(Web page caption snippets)

-- Opening Marker --

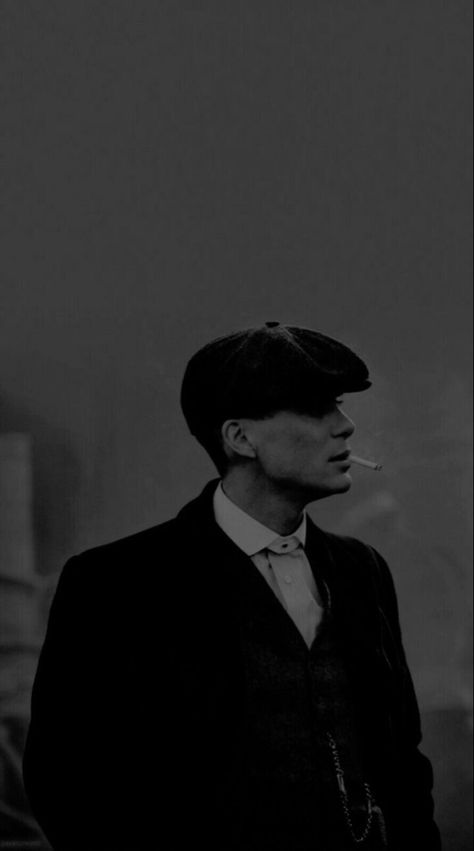 Tom Shelby, Water Live Wallpaper, Peaky Blinders Poster, Peaky Blinders Characters, Peaky Blinders Wallpaper, Peaky Blinders Thomas, Peaky Blinders Tommy Shelby, Haha Photos, Cillian Murphy Peaky Blinders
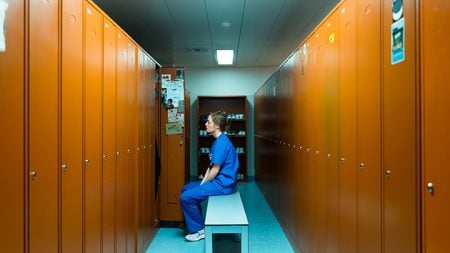 ‘Late Shift’ (2026) Review – Night-In-The-Life Of A Nurse Plays Like A Call For Help For The Health Care Industry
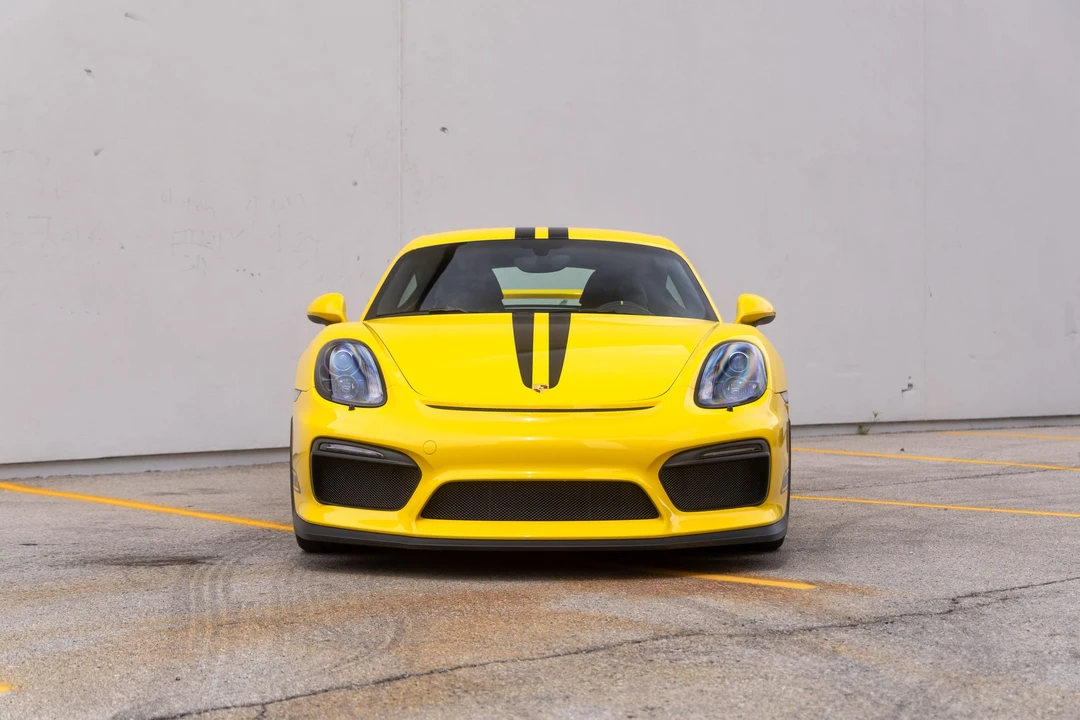 2016 Porsche 981 Cayman GT4 - Image 9 of 31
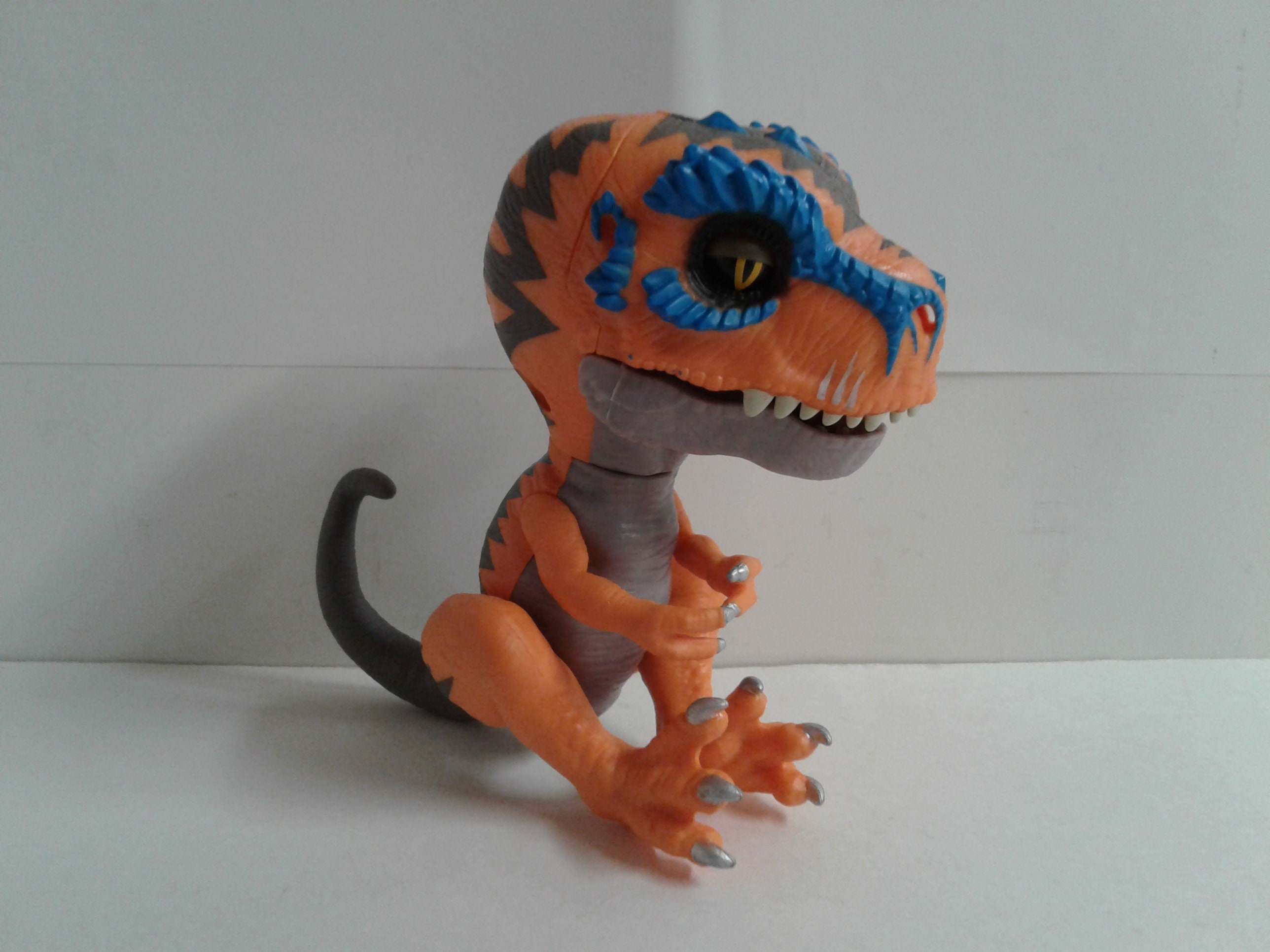 [超レア]   T-Rex 直筆サイン入りピッチャー（ウォーターポット） Orange/grey Sitting T-REX Battery-powered Robotic Toy 4.5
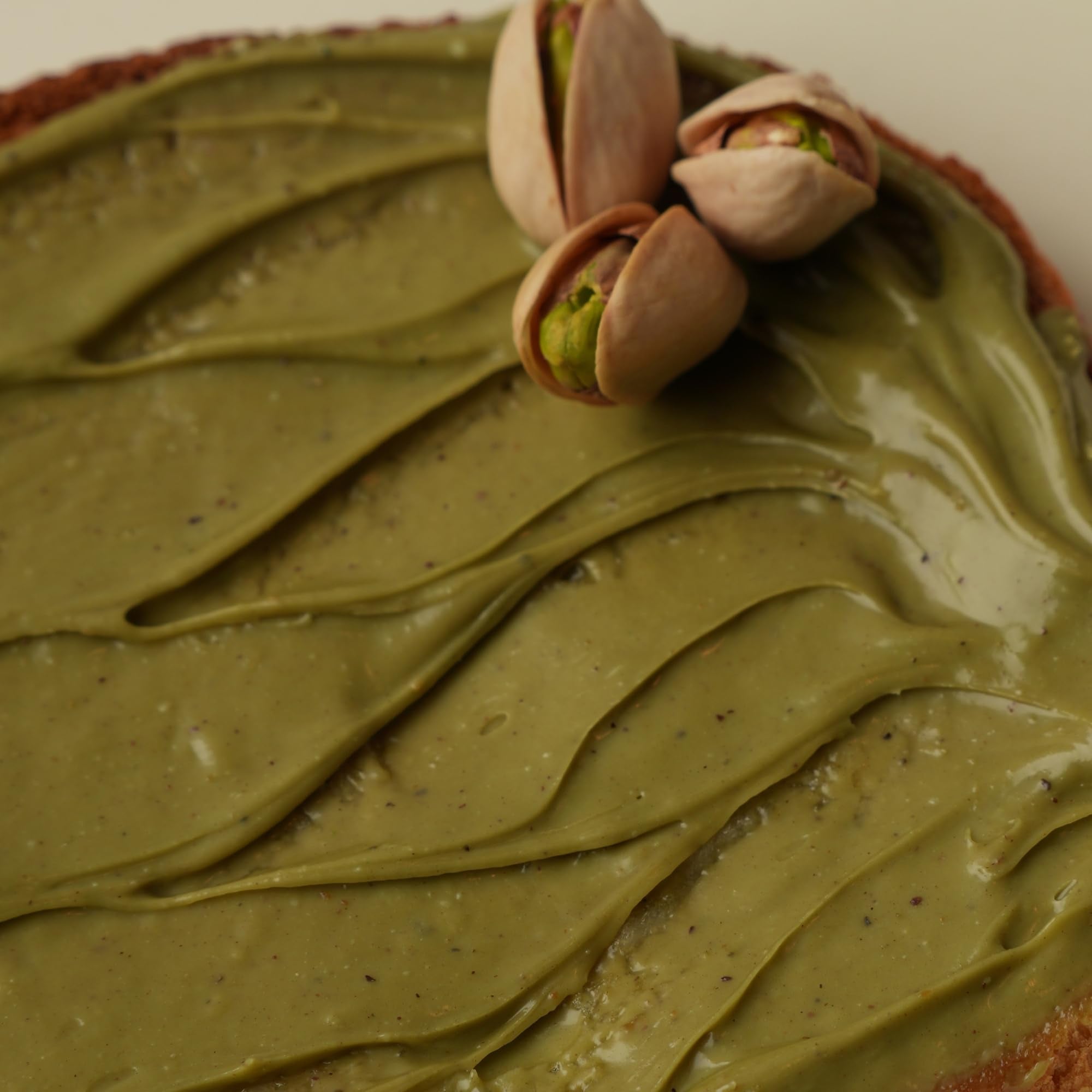 Andrella - 500g (18 oz) Premium Sicilian Pistachio Cream 40% - Italian Pistachio Spread - Gourmet Pistachio Butter for Desserts, Pastries & Croissants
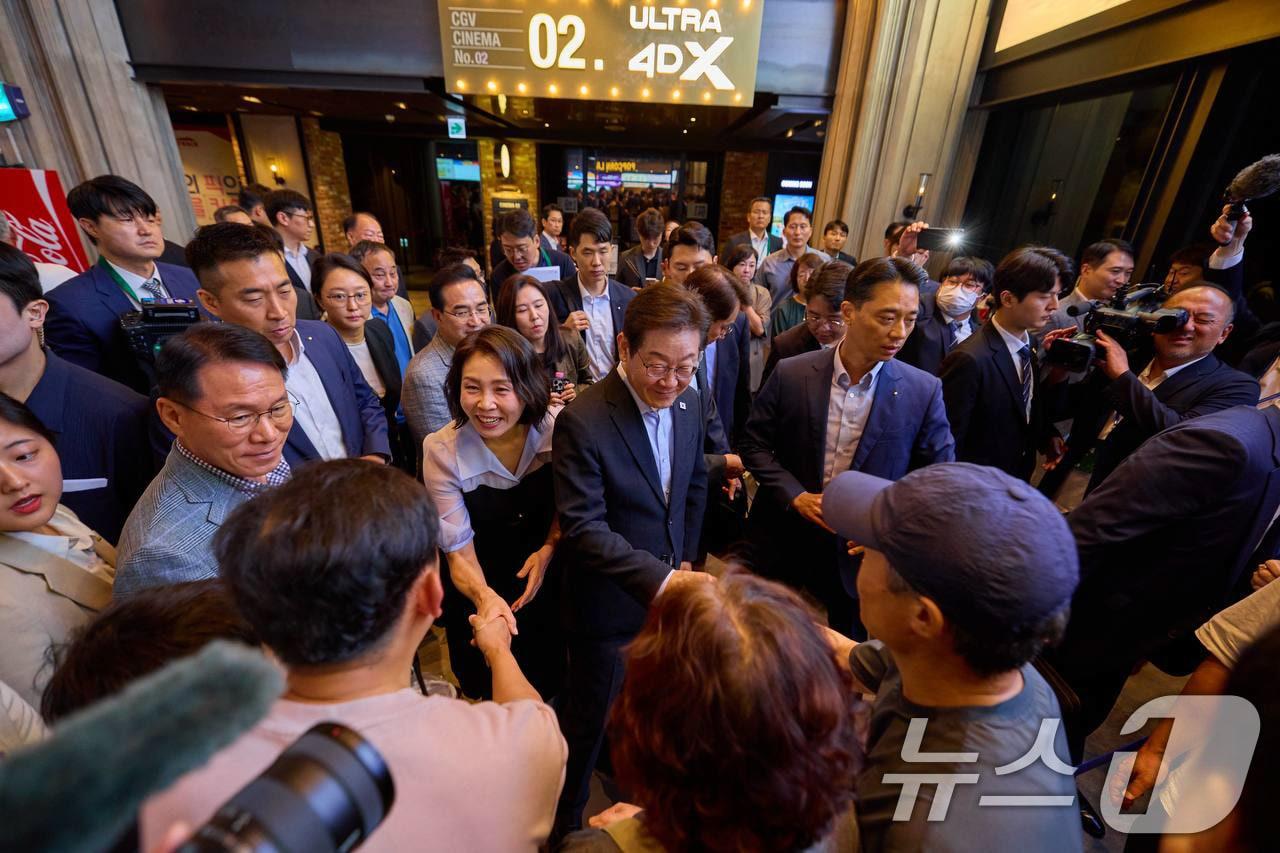 본문 이미지 - 이재명 대통령과 김혜경 여사가 17일 서울 용산구 CGV에서 영화 '독립군:끝나지 않은 전쟁'을 관람한 뒤 상영관을 나서며 시민들과 인사하고 있다. (이재명 대통령 SNS. 재판매 및 DB 금지) 2025.8.17/뉴스1 ⓒ News1 허경 기자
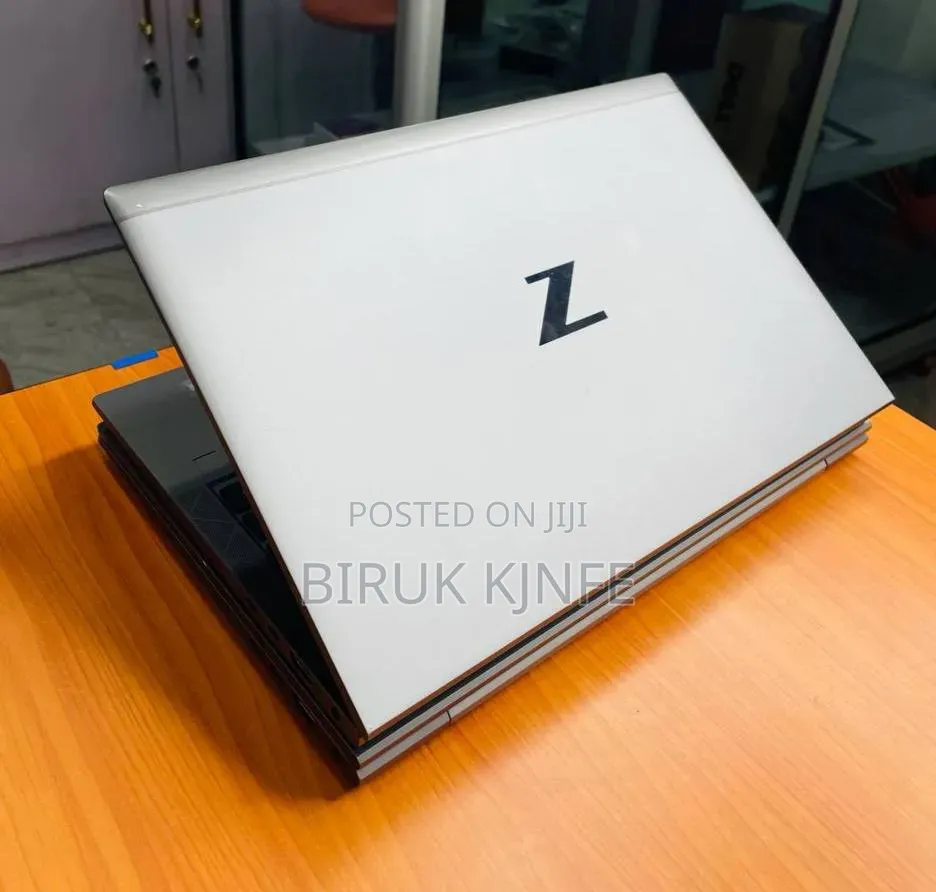 New Laptop HP ZBook Firefly G8 16GB Intel Core i7 SSD 512GB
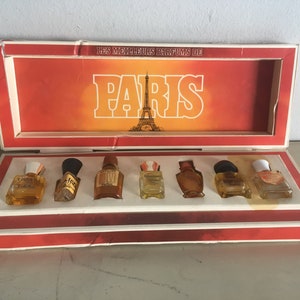 Vintage Les Meilleurs Parfums de Paris, Set de botellas de perfume en miniatura. Colección Aromas Publicitarios años 70. Botellas de vidrio coleccionables.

-- Closing Marker --

● WHAT THIS TASK INVOLVES:
All lines above must be repeated exactly, and the pictures must be omitted.

● RESULT OF THE TASK:
 Tom Shelby, Water Live Wallpaper, Peaky Blinders Poster, Peaky Blinders Characters, Peaky Blinders Wallpaper, Peaky Blinders Thomas, Peaky Blinders Tommy Shelby, Haha Photos, Cillian Murphy Peaky Blinders
 ‘Late Shift’ (2026) Review – Night-In-The-Life Of A Nurse Plays Like A Call For Help For The Health Care Industry
 2016 Porsche 981 Cayman GT4 - Image 9 of 31
 [超レア]   T-Rex 直筆サイン入りピッチャー（ウォーターポット） Orange/grey Sitting T-REX Battery-powered Robotic Toy 4.5
 Andrella - 500g (18 oz) Premium Sicilian Pistachio Cream 40% - Italian Pistachio Spread - Gourmet Pistachio Butter for Desserts, Pastries & Croissants
 본문 이미지 - 이재명 대통령과 김혜경 여사가 17일 서울 용산구 CGV에서 영화 '독립군:끝나지 않은 전쟁'을 관람한 뒤 상영관을 나서며 시민들과 인사하고 있다. (이재명 대통령 SNS. 재판매 및 DB 금지) 2025.8.17/뉴스1 ⓒ News1 허경 기자
 New Laptop HP ZBook Firefly G8 16GB Intel Core i7 SSD 512GB
 Vintage Les Meilleurs Parfums de Paris, Set de botellas de perfume en miniatura. Colección Aromas Publicitarios años 70. Botellas de vidrio coleccionables.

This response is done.